# [ASSIGNED TASK]
From the listing below, please restate exactly the lines beginning at the one with "Продам односпальные кровать" and ending at the one with "Building Photo - 18288 Deering St", both included, and skip the pictures.

# [SUPPLIED DATA]
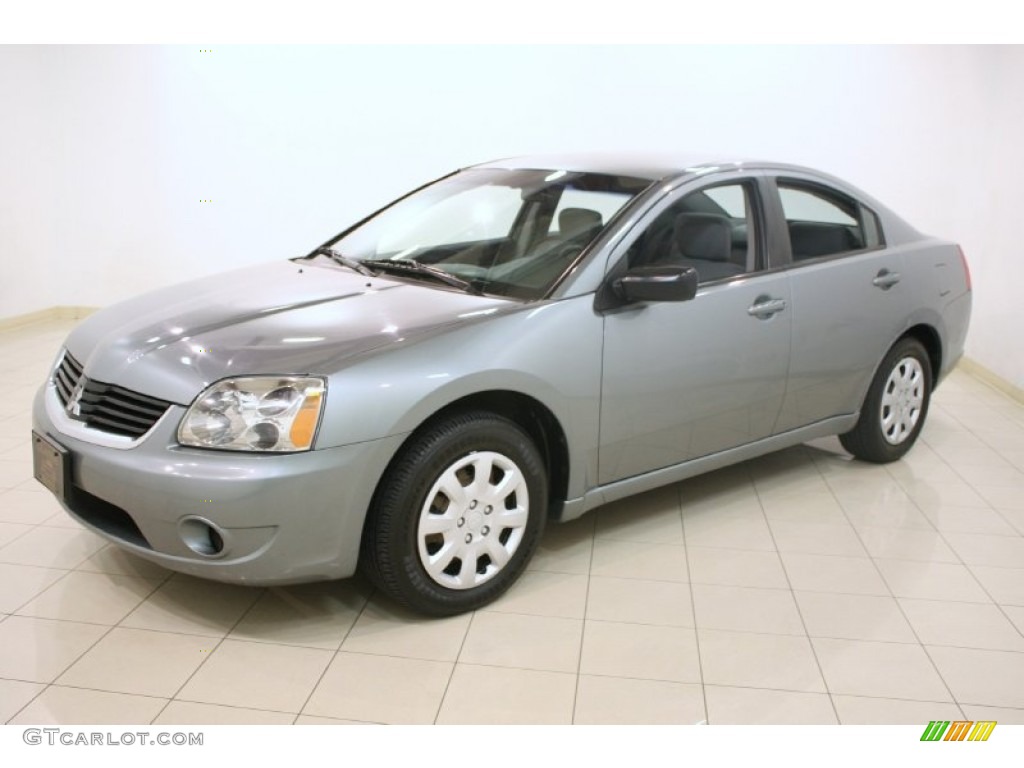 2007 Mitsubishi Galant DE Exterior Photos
==
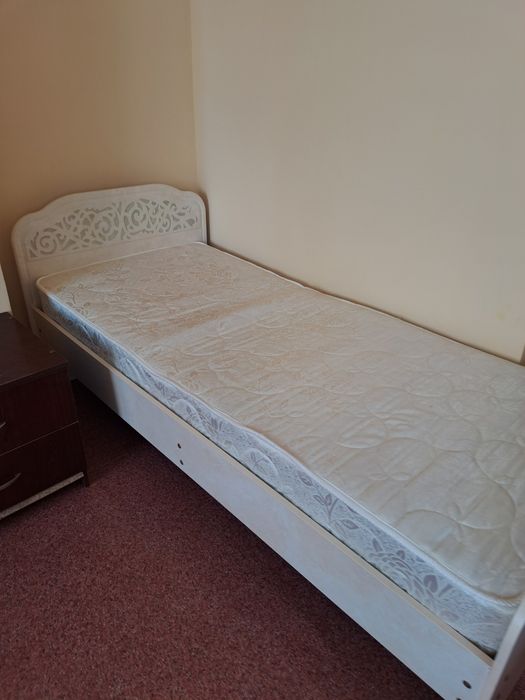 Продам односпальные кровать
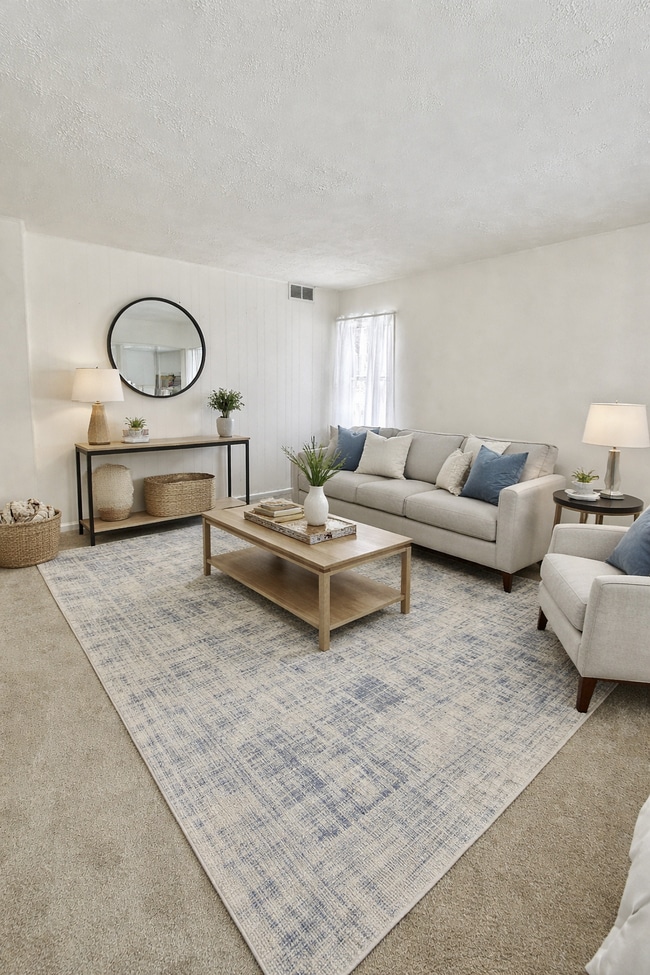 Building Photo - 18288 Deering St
--
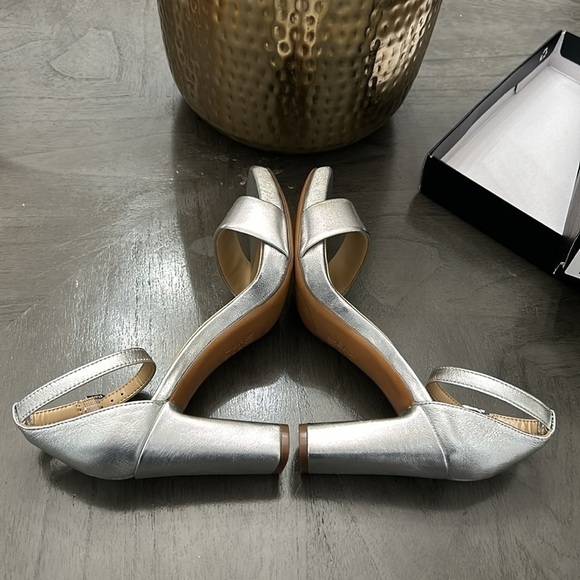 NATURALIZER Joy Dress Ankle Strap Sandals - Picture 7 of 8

# [RESPONSE]
 Продам односпальные кровать
 Building Photo - 18288 Deering St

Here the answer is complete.